劉義の書斎を出た玉蓮を待っていたのは、朗らかな光。

「今日は特に夕陽が美しいんだ。見に行こうか」

 いつも通り差し出された手に、玉蓮は自分の手を重ねた。ゆったりと歩く劉永を見上げながら、その隣を歩いていく。何度繰り返したかわからないその光景に、やはり息がほどけていく。


 練兵場の片隅で、茜色に染まる夕陽を黙って眺めた。日中の喧騒(けんそう)が嘘のように静まり返った空間に、風が穏やかに吹き抜け、沈みゆく太陽の最後の輝きが世界を柔らかな光で包み込む。
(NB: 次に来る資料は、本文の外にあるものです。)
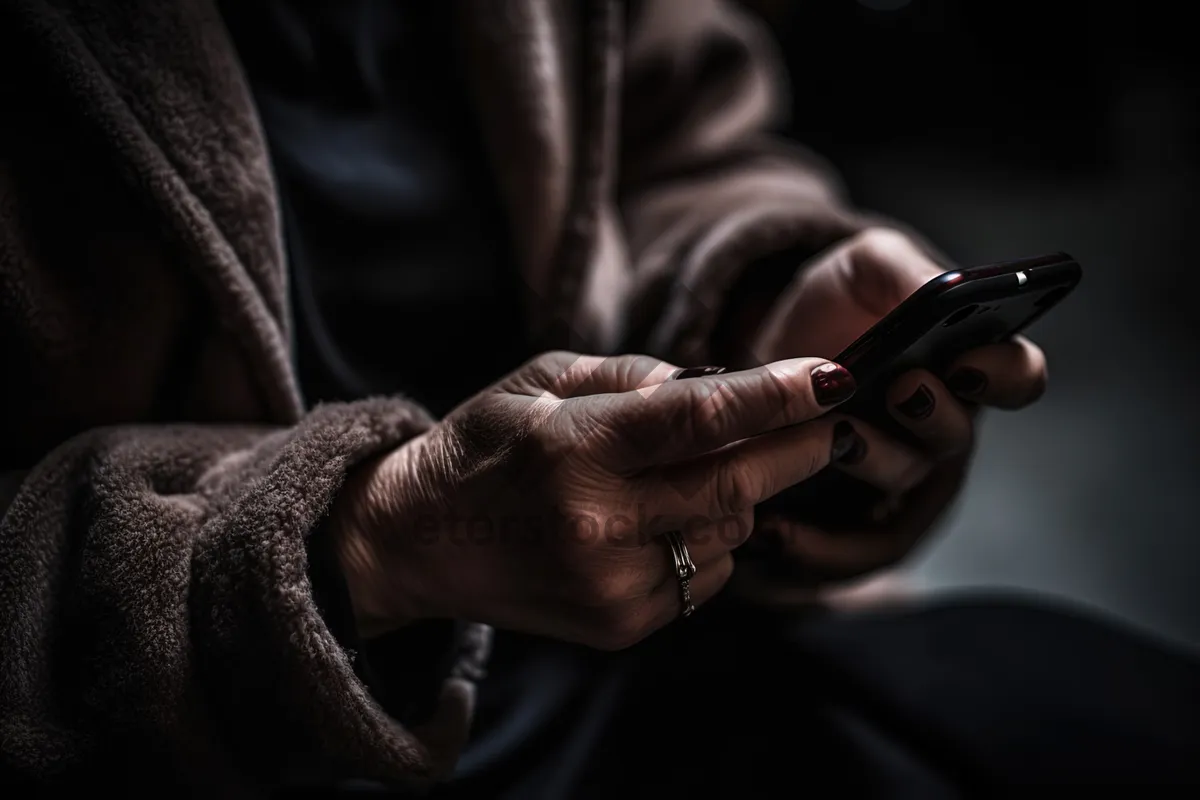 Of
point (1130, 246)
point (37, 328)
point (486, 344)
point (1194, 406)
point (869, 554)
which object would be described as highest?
point (37, 328)

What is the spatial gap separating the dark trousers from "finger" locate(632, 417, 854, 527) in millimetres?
194

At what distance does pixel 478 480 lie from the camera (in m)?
0.31

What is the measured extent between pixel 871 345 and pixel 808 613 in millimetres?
312

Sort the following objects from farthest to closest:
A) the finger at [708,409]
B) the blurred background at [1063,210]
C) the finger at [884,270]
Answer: the blurred background at [1063,210] < the finger at [884,270] < the finger at [708,409]

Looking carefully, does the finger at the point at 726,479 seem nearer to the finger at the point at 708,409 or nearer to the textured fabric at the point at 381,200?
the finger at the point at 708,409

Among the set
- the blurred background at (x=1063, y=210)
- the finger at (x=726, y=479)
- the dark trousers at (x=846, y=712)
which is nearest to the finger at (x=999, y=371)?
the finger at (x=726, y=479)

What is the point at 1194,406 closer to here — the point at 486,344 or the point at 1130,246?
the point at 1130,246

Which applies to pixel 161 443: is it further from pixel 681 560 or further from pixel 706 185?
pixel 706 185

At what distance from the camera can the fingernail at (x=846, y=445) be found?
0.34m

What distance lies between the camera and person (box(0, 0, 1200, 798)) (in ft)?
1.05

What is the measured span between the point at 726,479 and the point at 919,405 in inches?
4.9

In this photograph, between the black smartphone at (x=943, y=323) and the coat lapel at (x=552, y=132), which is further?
the coat lapel at (x=552, y=132)

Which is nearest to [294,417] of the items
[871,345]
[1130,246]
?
[871,345]

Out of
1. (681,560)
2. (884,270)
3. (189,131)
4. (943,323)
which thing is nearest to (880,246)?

 夕陽にかざすように、玉蓮がその手と懐から出した木製の鳥を掲げる。腕には、鍛錬の証である赤や紫の痕が鮮やかに浮かび上がり、夕陽の輝きで、まるで花のように見える。劉永は、傷だらけの玉蓮の手をそっと鳥ごと包み、いたわるように優しく撫でる。

「真っ白な手が、真っ赤になってしまったね」

 劉永の声を聞くと、強張っていた肩の力が、自然と抜けていくのが分かった。

「良いのです。玉蓮は、このために生きているのですから」

 玉蓮の視線は、姉が遺した鳥へと向けられていた。劉永の温もりに包まれながらも、意識は、遠い場所へと飛んでいく。目を閉じれば、浮かび上がるのは、墨を流したような漆黒の闇。その闇の奥底で、血に濡れた刃が閃き、冷たい光を放っていた。


 ——この手でいつか、あの男の喉を掻き切るのだ。


 彼から伝わる温かさとは裏腹に、自分の指先から、すうっと血の気が引いていく。